The sum of the digits in the unit's place of all the 4-digit numbers formed by using the numbers 3, 4, 5 and 6, without repetition is:

We need to find the sum of the digits in the unit's place of all 4-digit numbers formed using the digits 3, 4, 5, and 6 without repetition. Since no digit repeats, each number uses all four digits exactly once.

First, the total number of such 4-digit numbers is the number of permutations of 4 distinct digits, which is 4! = 24. So, there are 24 numbers in total.

Now, we want the sum of the digits in the unit's place. For this sum, we need to determine how many times each digit (3, 4, 5, 6) appears in the unit's place across all 24 numbers.

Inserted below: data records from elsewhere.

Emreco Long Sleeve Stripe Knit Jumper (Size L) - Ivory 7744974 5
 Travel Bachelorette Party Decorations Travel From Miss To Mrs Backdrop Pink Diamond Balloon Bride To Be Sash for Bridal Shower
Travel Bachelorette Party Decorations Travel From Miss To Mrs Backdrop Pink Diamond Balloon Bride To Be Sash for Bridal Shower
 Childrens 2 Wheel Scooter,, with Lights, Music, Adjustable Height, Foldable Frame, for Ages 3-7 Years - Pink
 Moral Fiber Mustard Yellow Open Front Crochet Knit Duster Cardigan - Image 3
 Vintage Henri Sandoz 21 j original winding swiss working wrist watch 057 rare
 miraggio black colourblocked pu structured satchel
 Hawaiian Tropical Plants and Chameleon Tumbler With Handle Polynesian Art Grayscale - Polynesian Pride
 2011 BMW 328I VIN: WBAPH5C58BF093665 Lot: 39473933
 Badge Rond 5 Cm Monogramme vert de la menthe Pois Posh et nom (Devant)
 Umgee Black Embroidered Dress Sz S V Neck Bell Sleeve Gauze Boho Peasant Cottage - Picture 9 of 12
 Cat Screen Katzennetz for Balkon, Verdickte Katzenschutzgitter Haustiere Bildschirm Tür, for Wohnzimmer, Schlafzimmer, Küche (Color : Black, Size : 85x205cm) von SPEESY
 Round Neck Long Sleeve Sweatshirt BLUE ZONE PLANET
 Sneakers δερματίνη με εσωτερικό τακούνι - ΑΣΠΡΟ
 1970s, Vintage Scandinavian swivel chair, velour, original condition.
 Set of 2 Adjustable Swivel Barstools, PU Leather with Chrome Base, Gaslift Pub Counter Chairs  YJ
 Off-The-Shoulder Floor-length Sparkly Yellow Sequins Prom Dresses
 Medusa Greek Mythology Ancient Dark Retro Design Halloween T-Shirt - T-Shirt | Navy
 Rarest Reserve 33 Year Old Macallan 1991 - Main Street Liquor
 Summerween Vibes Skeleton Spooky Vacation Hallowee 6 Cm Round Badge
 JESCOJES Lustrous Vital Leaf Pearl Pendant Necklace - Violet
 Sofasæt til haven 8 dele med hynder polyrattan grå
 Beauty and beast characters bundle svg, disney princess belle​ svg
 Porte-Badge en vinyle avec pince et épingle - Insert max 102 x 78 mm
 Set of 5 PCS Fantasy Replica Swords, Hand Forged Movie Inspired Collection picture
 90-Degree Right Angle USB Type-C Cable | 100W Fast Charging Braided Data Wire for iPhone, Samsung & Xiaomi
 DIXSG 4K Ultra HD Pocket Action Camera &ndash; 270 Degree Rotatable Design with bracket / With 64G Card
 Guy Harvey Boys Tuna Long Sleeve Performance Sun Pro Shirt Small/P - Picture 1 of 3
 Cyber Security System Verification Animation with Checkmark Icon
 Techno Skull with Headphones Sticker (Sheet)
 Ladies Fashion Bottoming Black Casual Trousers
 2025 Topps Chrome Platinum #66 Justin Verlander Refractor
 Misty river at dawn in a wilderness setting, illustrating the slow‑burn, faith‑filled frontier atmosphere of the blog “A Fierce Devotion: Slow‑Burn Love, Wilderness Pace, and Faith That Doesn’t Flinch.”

Consider a fixed digit, say 3, in the unit's place. If the unit digit is fixed as 3, then the remaining three digits (4, 5, 6) can be arranged in the thousands, hundreds, and tens places. The number of ways to arrange these three digits is 3! = 6. Therefore, the digit 3 appears in the unit's place in 6 numbers.

Similarly, by symmetry, each digit (3, 4, 5, 6) will appear in the unit's place exactly 6 times.

Now, we calculate the contribution of each digit to the sum:

• The digit 3 appears 6 times in the unit's place, contributing 3 × 6 = 18.
• The digit 4 appears 6 times in the unit's place, contributing 4 × 6 = 24.
• The digit 5 appears 6 times in the unit's place, contributing 5 × 6 = 30.
• The digit 6 appears 6 times in the unit's place, contributing 6 × 6 = 36.

Adding these contributions together: 18 + 24 = 42, then 42 + 30 = 72, and finally 72 + 36 = 108.

Therefore, the sum of the digits in the unit's place is 108.

Hence, the correct answer is Option C.